“The Minority is Always Right” – when I heard this quote from Ibsen’s “An Enemy of the People” for the first time about 15 years ago it sounded absurd to me, in large part because it went against the most fundamental principle of democracy, which says that we are to follow the majority’s will. However, as years went by, I started realizing the most profound wisdom of this statement. I have been periodically thinking about this quote in so many different situations, and I find more and more ways in which the minority seems to be right, while the majority seems to be so off.
The busiest restaurants hardly serve the best food. In fact it’s usually mediocre, overrated, disappointing and unhealthy; and as we all know – it’s the holes in the wall that serve the most flavorful food and often feel so much warmer and more welcoming.
The biggest live theaters are often not worth sitting through, while smaller productions are so much more likely to be so captivating.
In general, if there is a line of people out there waiting to get in or buy something, chances are it’s not worth buying.
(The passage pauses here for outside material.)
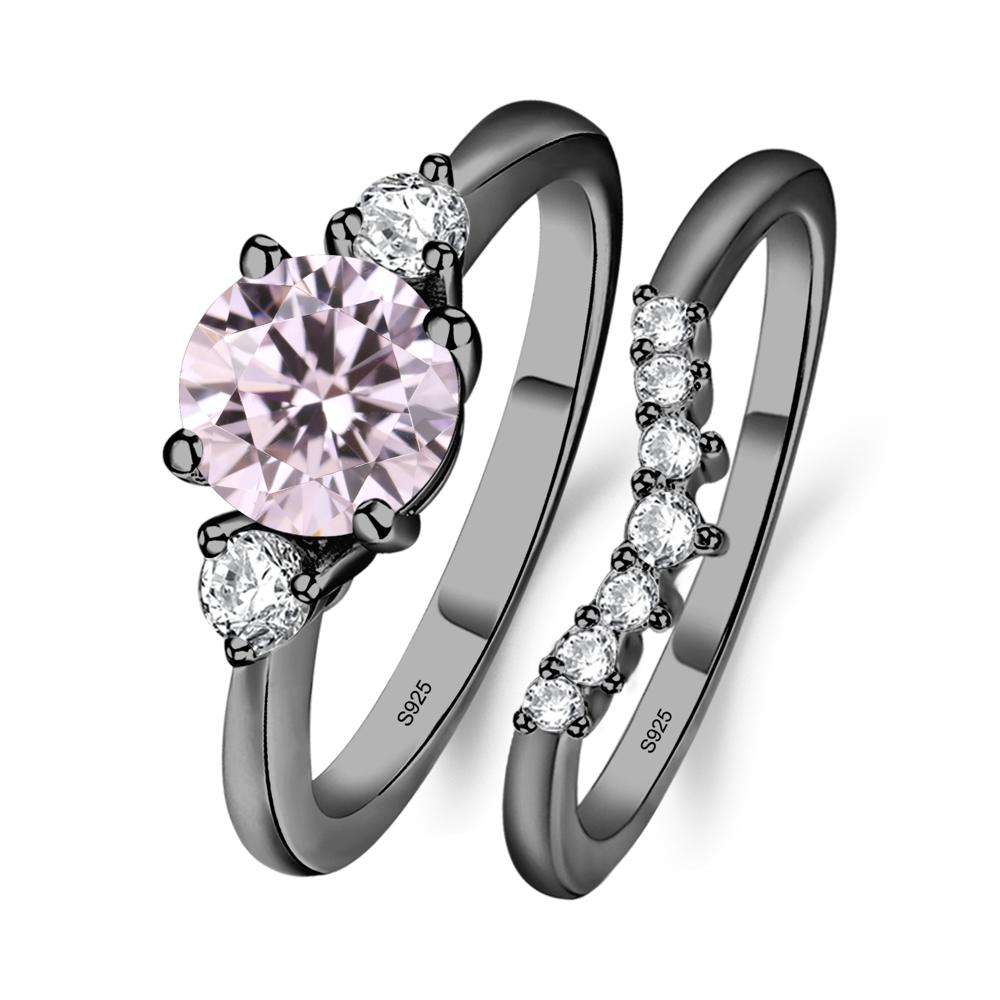 Pink Cubic Zirconia Ring Bridal Set Engagement Ring - LUO Jewelry #metal_black finish sterling silver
The books and the movies that are truly the best and the most valuable as pieces of art very rarely, if ever, get labeled as best sellers.
But this should not be surprising to anyone. Most of us are followers; not leaders. Very few of us reflect on our actions and indulge in critical evaluation of ourselves and others around us.
Tattoos, piercings, supporting legalization of marijuana and gay marriage don’t make you unique and special. In fact they make you very common in this town. Making your own choices, however, based on what you really like and not because that’s what’s “in” now, will go much further to making you feel and actually be that special who is part of that minority.